Crossroads Paper is not looking to locate along a major river in Utah but will instead use municipally supplied groundwater.
“The mill will include its own water treatment systems and will operate at a lower water demand than comparable mills,” Ron Sasine says. A pretreatment system also will allow Crossroads Paper to reuse water generated by its industrial neighbors.
At 1 million to 1.2 million gallons daily, John Sasine says Crossroads Paper “can use literally a fraction of what traditionally has been used in papermaking.”
Crossroads Paper plans to feature one papermaking machine with the capacity to produce 350,000 to 375,000 tons per year. The Sasines say they expect the mill to consume 385,000 tons of recovered fiber annually, both in the form of OCC and mixed paper, with OCC accounting for an expected 70 percent of the mill’s furnish.
While Rocky Mountain Recycling will be a key supplier to the mill, it will not be the sole supplier, the Sasines say.

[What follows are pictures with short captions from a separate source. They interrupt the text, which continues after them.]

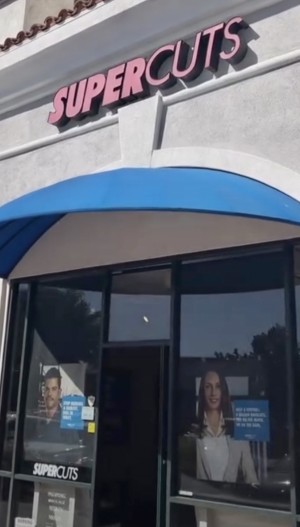 Faith Barrett Supercuts Window 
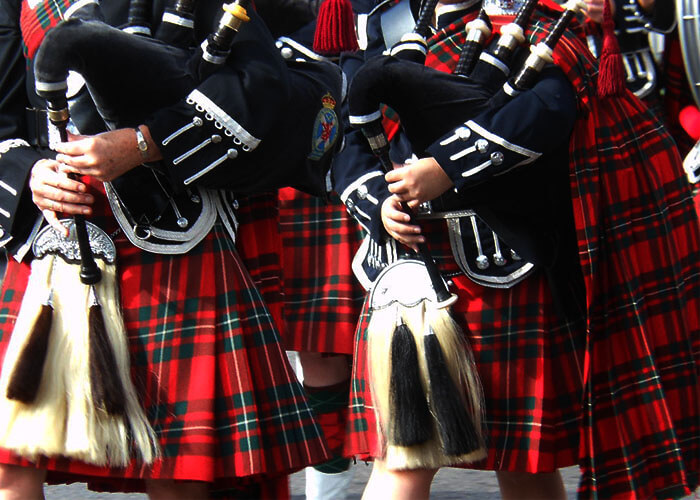What's the traditional kilt worn in Scotland
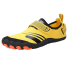 Barefoot topánky na suchý zips žltá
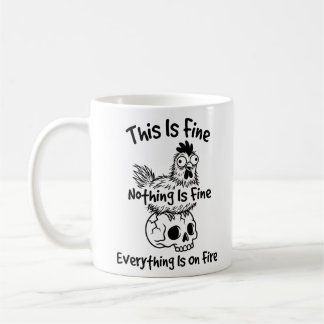 Classic Mug - Funny Feral Chicken Humour Quote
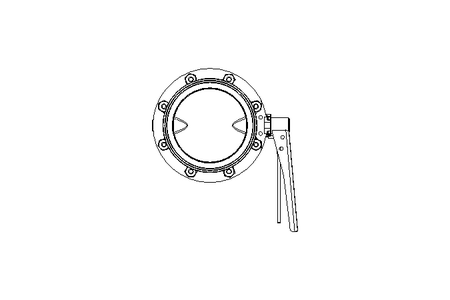 Butterfly valve B DN125 CVC MA E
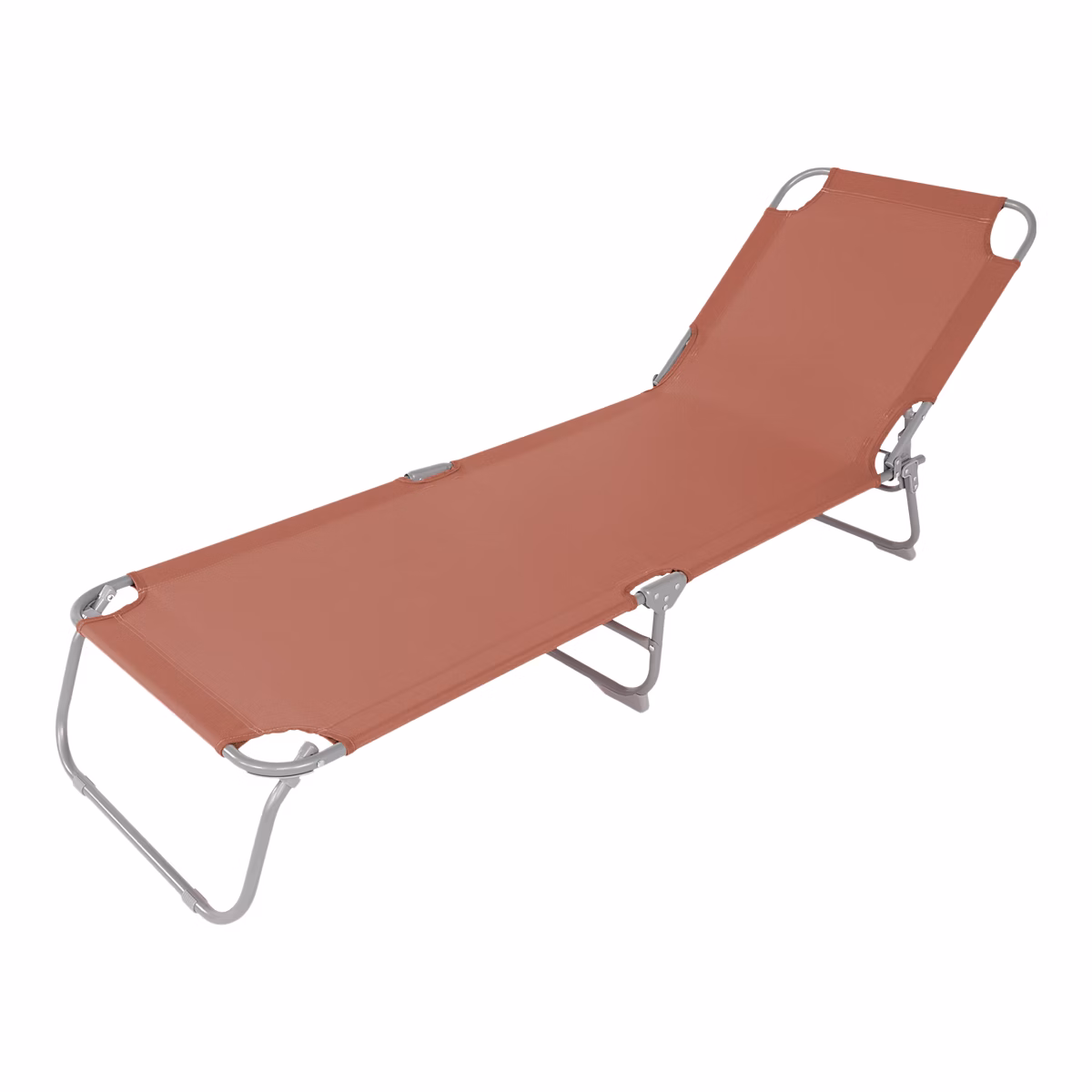 Bain de soleil polyester et acier terracotta GoodHome Curacao – Réf. NDWXRLADU1115285197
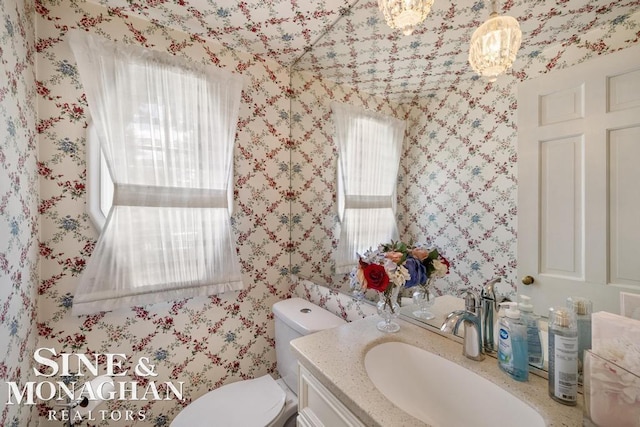 28 Hampton Rd, Grosse Pointe Shores, MI 48236 - half bath with vanity and toilet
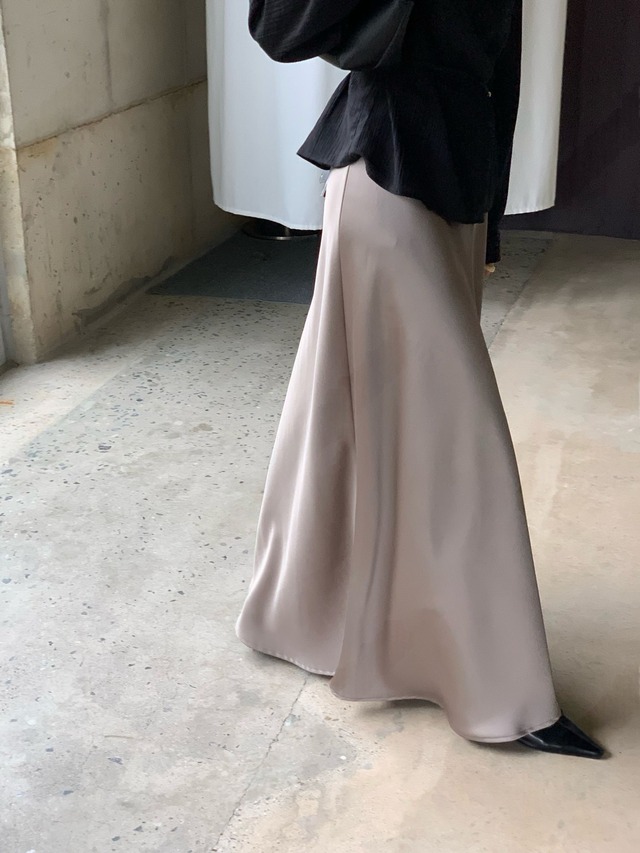 Elegant Flare Long Skirt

“The mill is being configured to accept a broad range of fiber types and qualities,” Ron Sasine says. He adds that incoming OCC and mixed paper will be blended to meet the final specifications of the paper grade to be manufactured.
“Corrugated will have a higher percentage of mixed paper,” Ron Sasine says. “Test liner grades will have higher OCC content.”
“A recycled mill like this will produce about half its volume in corrugated medium,” John Sasine says. “But we’re looking for an event split of medium to linerboard. That will get determined in the fullness of time as we get specific offtake agreements.”
Cellmark will manage the mill’s offtake agreements. “Specific commitments to specific companies will be determined in the coming months,” Ron Sasine says.
Crossroads Paper expects to begin ramping up production in the second quarter of 2022,” John Sasine says. Other mills that have used the same Valmet technology that Crossroads Paper will be using “ramp on the machine quite fast,” he adds.
Many leaders in the recycling and sustainability sectors have said that recycling in the U.S. needs to be realigned to bring recycling assets closer to where recyclables are generated, Ron Sasine says. “This project is about exactly that.”